Avoid when task requires deep expertise you can't validate, involves sensitive decisions, or when learning process is more valuable than speed of completion.

Learning Path

  1. 1Familiarize yourself with skill capabilities and limitations
  2. 2Start with low-risk, non-critical tasks
  3. 3Progress to more complex and valuable use cases
  4. 4Build expertise through regular use and experimentation

Related Skills

Reviews

4.540 reviews
  • L
    Layla KhanDec 28, 2024

    Solid pick for teams standardizing on skills: tilegym-converting-cutile-to-triton is focused, and the summary matches what you get after install.

  • A
    Arjun AbbasDec 20, 2024

    tilegym-converting-cutile-to-triton fits our agent workflows well — practical, well scoped, and easy to wire into existing repos.

  • N
    Noor RobinsonDec 12, 2024

    I recommend tilegym-converting-cutile-to-triton for anyone iterating fast on agent tooling; clear intent and a small, reviewable surface area.

  • C
    Chaitanya PatilDec 8, 2024

    tilegym-converting-cutile-to-triton has been reliable in day-to-day use.

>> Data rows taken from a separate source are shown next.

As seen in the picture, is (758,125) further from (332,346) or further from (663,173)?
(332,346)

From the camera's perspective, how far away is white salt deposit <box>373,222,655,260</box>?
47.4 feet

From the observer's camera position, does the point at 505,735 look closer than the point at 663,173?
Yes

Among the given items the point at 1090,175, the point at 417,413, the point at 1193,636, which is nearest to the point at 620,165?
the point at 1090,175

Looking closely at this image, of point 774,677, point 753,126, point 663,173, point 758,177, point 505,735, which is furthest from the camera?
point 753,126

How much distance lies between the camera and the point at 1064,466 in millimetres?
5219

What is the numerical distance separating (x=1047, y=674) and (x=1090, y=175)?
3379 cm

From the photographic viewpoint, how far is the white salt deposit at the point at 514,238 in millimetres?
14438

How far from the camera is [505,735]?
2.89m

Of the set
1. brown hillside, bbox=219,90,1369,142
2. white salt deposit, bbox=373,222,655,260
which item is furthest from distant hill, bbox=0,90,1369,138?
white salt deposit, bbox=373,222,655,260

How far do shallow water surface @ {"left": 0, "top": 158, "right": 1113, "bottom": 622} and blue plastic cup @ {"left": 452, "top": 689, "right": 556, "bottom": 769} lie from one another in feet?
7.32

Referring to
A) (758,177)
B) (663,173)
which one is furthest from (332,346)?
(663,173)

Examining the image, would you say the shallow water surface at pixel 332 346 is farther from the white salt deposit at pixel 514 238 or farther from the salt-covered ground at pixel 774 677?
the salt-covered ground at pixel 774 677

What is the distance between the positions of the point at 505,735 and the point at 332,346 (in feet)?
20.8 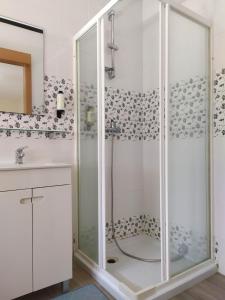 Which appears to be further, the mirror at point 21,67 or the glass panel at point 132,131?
the glass panel at point 132,131

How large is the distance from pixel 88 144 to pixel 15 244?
2.80 ft

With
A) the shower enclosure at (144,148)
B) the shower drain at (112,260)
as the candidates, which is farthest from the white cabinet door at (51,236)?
the shower drain at (112,260)

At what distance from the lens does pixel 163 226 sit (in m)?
1.46

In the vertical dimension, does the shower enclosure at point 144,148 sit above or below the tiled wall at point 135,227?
above

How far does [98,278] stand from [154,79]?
1738 millimetres

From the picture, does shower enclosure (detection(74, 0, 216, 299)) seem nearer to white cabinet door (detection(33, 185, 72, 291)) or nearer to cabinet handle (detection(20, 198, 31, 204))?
white cabinet door (detection(33, 185, 72, 291))

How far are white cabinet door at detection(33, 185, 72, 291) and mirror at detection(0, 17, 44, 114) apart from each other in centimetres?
69

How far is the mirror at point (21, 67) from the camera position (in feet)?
5.39

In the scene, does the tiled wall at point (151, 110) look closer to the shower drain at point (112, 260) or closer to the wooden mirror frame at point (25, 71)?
the wooden mirror frame at point (25, 71)

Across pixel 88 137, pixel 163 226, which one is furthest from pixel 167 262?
pixel 88 137

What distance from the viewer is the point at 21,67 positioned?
1713 mm

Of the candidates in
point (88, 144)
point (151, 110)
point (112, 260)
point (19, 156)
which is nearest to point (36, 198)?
point (19, 156)

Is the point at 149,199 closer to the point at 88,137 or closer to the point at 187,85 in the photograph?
the point at 88,137

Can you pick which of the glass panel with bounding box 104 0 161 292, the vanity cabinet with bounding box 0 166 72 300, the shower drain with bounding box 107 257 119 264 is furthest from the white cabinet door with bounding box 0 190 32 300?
the glass panel with bounding box 104 0 161 292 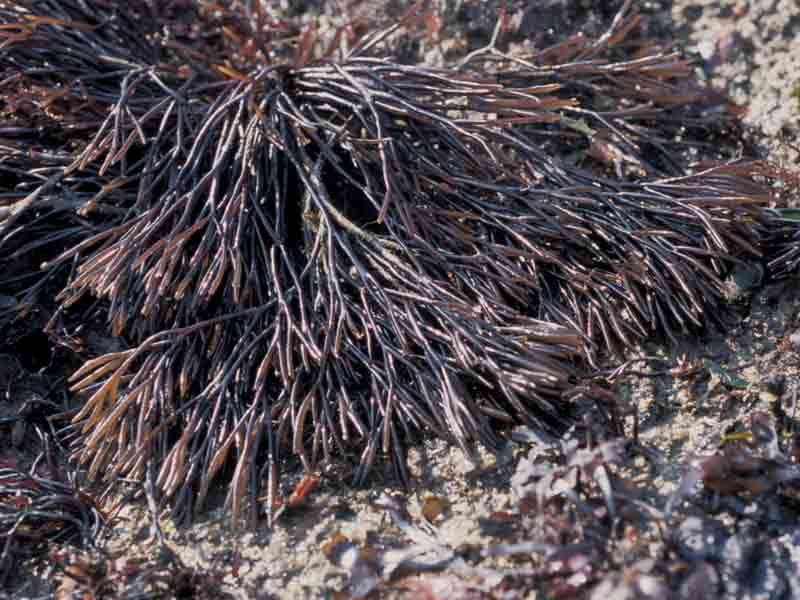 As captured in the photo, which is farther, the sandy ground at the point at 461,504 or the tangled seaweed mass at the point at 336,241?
the tangled seaweed mass at the point at 336,241

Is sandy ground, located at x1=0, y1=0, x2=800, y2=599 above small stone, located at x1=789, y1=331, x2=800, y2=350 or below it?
below

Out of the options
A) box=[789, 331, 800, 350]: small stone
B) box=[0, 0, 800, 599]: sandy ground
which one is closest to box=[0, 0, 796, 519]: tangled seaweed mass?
box=[0, 0, 800, 599]: sandy ground

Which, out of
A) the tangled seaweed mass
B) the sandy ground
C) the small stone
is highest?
the tangled seaweed mass

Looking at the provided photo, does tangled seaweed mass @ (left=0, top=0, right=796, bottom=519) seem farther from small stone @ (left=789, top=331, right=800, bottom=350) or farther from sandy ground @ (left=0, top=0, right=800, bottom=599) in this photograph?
small stone @ (left=789, top=331, right=800, bottom=350)

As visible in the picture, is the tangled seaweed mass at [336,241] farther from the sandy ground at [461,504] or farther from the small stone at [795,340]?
the small stone at [795,340]

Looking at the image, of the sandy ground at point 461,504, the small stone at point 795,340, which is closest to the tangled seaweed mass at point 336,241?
the sandy ground at point 461,504

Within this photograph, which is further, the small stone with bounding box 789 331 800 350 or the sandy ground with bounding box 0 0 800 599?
the small stone with bounding box 789 331 800 350

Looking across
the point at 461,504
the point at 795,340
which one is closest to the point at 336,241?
the point at 461,504

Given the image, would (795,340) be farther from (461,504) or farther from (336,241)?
(336,241) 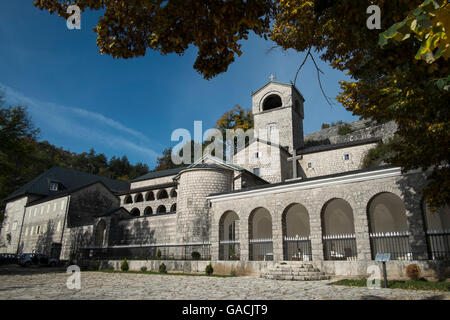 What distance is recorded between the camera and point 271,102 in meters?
33.2

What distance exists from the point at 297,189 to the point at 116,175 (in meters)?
58.9

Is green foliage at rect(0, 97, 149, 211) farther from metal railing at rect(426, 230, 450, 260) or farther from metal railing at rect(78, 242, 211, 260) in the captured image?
metal railing at rect(426, 230, 450, 260)

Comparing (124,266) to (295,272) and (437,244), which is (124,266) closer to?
(295,272)

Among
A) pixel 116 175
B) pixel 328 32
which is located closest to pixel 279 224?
pixel 328 32

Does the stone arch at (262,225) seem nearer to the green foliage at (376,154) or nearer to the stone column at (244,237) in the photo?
the stone column at (244,237)

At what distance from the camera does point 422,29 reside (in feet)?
5.99

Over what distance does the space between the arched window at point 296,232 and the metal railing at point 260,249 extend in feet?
3.13

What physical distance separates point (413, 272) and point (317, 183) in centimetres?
502

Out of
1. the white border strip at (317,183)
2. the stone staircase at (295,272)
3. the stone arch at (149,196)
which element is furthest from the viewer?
the stone arch at (149,196)

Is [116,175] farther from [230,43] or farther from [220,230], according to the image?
[230,43]

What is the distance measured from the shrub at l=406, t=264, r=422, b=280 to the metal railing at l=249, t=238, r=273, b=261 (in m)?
5.87

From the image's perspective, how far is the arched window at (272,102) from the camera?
32.7 metres

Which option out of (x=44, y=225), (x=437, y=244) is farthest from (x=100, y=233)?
(x=437, y=244)

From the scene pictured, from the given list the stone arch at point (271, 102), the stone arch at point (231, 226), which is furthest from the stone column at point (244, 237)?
the stone arch at point (271, 102) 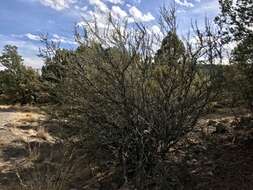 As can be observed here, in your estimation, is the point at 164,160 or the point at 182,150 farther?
the point at 182,150

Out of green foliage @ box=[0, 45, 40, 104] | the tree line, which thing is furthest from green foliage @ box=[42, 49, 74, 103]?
green foliage @ box=[0, 45, 40, 104]

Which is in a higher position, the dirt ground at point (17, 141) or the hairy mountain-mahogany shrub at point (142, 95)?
the hairy mountain-mahogany shrub at point (142, 95)

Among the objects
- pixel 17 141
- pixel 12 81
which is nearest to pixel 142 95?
pixel 17 141

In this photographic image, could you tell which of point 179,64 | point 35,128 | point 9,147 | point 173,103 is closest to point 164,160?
point 173,103

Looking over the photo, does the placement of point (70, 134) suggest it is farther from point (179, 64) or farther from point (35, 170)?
point (179, 64)

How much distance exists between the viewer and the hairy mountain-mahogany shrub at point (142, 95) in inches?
328

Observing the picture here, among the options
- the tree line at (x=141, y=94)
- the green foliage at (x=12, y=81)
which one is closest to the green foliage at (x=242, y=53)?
the tree line at (x=141, y=94)

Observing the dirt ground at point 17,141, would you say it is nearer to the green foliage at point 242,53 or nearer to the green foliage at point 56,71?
the green foliage at point 56,71

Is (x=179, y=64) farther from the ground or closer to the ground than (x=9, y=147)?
farther from the ground

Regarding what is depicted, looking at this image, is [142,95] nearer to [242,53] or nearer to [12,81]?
[242,53]

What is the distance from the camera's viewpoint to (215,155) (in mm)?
9516

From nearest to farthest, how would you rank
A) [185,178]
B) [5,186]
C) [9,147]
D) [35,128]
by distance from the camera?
[185,178] < [5,186] < [9,147] < [35,128]

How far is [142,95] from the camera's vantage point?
27.4ft

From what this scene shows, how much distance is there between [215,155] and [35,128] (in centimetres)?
873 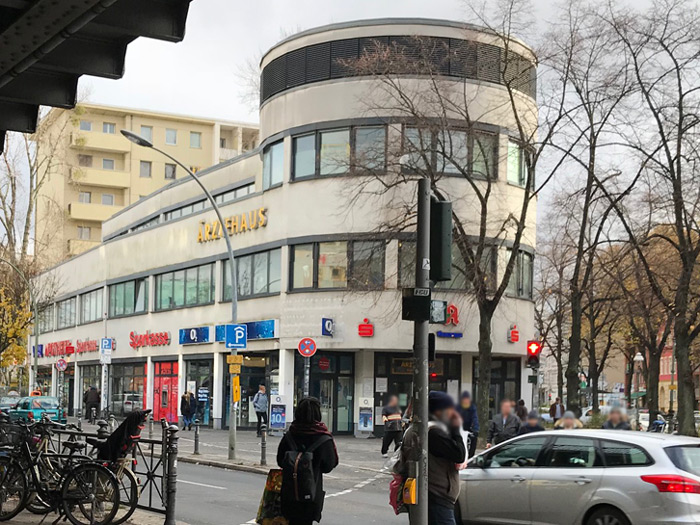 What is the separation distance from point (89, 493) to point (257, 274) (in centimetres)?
2717

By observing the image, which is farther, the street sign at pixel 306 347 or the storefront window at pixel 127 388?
the storefront window at pixel 127 388

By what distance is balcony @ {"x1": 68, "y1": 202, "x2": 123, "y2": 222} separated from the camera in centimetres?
8400

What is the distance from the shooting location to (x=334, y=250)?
3622 cm

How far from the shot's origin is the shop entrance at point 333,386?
37.1m

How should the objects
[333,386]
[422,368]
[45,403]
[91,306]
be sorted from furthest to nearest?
[91,306] < [45,403] < [333,386] < [422,368]

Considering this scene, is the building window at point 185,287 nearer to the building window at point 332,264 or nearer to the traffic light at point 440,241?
the building window at point 332,264

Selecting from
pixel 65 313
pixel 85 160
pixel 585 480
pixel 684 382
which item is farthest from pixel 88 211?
pixel 585 480

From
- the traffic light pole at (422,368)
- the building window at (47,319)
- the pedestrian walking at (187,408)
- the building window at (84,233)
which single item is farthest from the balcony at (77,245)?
the traffic light pole at (422,368)

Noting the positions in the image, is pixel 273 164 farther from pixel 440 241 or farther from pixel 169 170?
pixel 169 170

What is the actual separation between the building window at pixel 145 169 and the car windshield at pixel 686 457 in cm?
7908

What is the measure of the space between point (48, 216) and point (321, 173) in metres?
49.8

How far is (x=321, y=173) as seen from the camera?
36.6 metres

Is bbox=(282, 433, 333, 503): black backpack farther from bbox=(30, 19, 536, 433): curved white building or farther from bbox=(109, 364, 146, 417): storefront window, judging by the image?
bbox=(109, 364, 146, 417): storefront window

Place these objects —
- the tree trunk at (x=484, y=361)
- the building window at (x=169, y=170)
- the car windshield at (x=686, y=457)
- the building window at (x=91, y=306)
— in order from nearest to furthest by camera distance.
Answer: the car windshield at (x=686, y=457) → the tree trunk at (x=484, y=361) → the building window at (x=91, y=306) → the building window at (x=169, y=170)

Documentation quality is above average for community skills.

  • M
    Michael KhannaDec 8, 2024

    We added tilegym-converting-cutile-to-triton from the explainx registry; install was straightforward and the SKILL.md answered most questions upfront.

  • P
    Piyush GNov 27, 2024

    Keeps context tight: tilegym-converting-cutile-to-triton is the kind of skill you can hand to a new teammate without a long onboarding doc.

  • H
    Harper SanchezNov 27, 2024

    tilegym-converting-cutile-to-triton fits our agent workflows well — practical, well scoped, and easy to wire into existing repos.

  • L
    Layla GarciaNov 15, 2024

    I recommend tilegym-converting-cutile-to-triton for anyone iterating fast on agent tooling; clear intent and a small, reviewable surface area.

  • C
    Charlotte KhanNov 11, 2024

    We added tilegym-converting-cutile-to-triton from the explainx registry; install was straightforward and the SKILL.md answered most questions upfront.

  • R
    Rahul SantraNov 7, 2024

    Solid pick for teams standardizing on skills: tilegym-converting-cutile-to-triton is focused, and the summary matches what you get after install.